You just published your first book, and your inevitable horde of doting fans is just on the other side of your next sale. Tracking the popularity of your book is possible through the Amazon.com Sales Rank number that is posted for each book. Currently the #1 slot is owned by Scott McClellan, and the competition for the top ranks is fierce. For the majority of you, this will be an exercise in humility, but fear not! You will be glad to learn that not only are you not alone but you need help.
Perhaps you enjoy huddling around your glowing monitor, watching your book’s Amazon page refresh, scrolling down, scanning the page for the sales rank, squinting, and then trying to remember the previous number. For the rest of you, in support of your sales rank addiction, while simultaneously preserving your eyesight and spare time, I humbly submit a review of Amazon sales rank trackers. The most popular ones I could find are Sales Rank Express, RankForest, Title-Z, Charteous, and RankTracer. One honorable mention is a greasemonkey script that turns Amazon bookIDs into links that are supposed to add the book to Rankforest’s tracking database, but it doesn’t work anymore.
A recent addition to the scene is NovelRank. It’s features are given by its creator in the comments section. In the few minutes I had to check it out it looked quite good!
For a quick look at the results, check out the table at the bottom of the page.
Sales Rank Express
This site allows instant lookups of books on most of the important fields. For quick and dirty searches that you don’t want to track, this is the best site. It’s easy to search and it’s very fast.
This site appears to have once been free, but now charges up to 60 USD a month for its features, in addition to a free option. You don’t get much for free on this site. You can only track one book at a time, which means you can’t take advantage of their cool AJAX multi-book charting comparison tool. Sales estimates are also available for a fee, as well as data exporting. Overall the site is well designed, but I’m turned off by the fees.

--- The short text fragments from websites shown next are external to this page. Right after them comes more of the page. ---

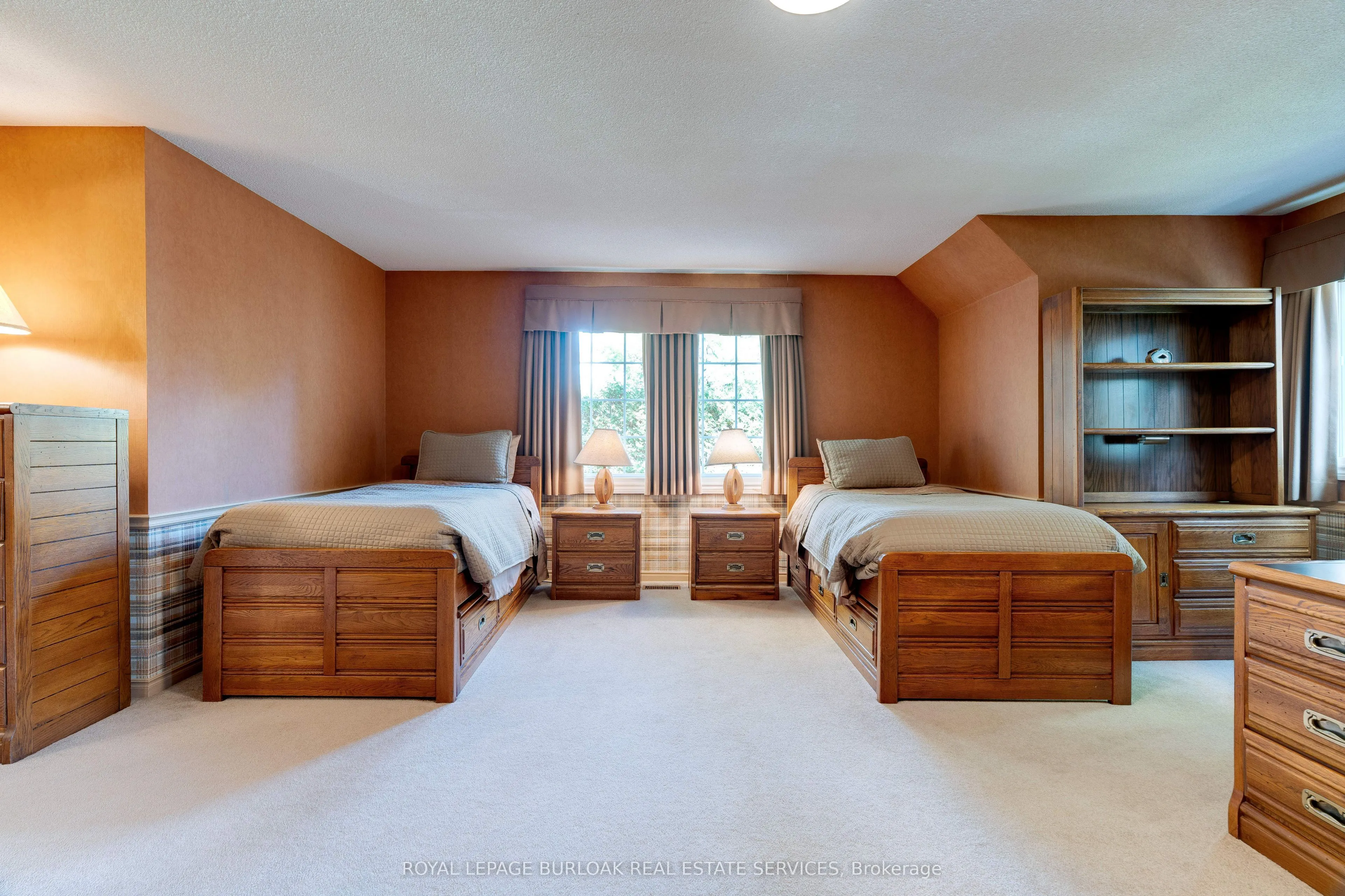 166 Maple Grove Drive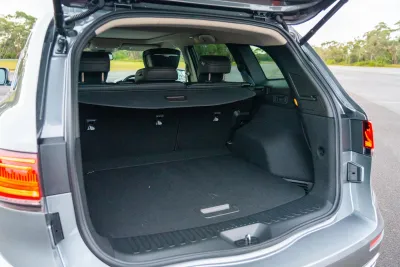 Koleos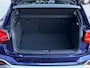 Audi Q2 35 TFSI - NAP - 2x S-Line - Camera - Nieuwstaat - 19''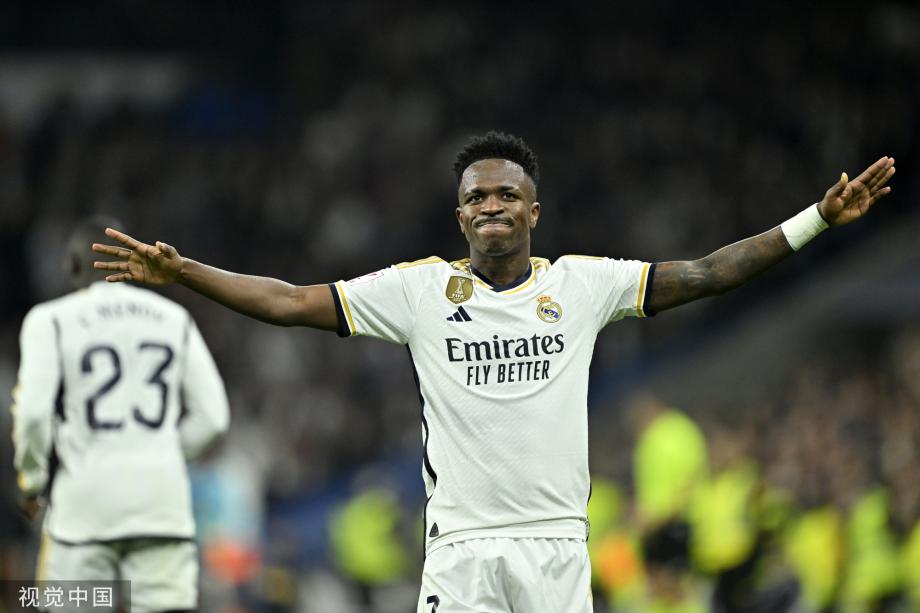 2026世界杯抽签解读，死亡之组存在吗？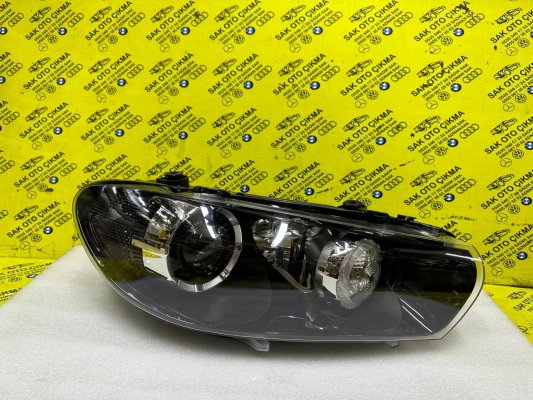 VW SCİROCCO SAĞ FAR / Bİ-XENON / OEM: 89320011 - 1K8941032J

TitleZ appears to be in much better shape now than when I originally reviewed it. The sales rank of the book I wanted to track is recorded as advertised, and it does allow searching by ISBN – just use the keyword search. The time axis on the printed report is too cluttered to read, but the sales rank history view x-axis is ok. The problem with that view is that the y-axis cuts off digits at the millions and above. Of course, you can see the y-axis for large numbers in the printed report…if you’re like me, those sales ranks of interest can get pretty high. Overall, I’d say TitleZ is quite good now.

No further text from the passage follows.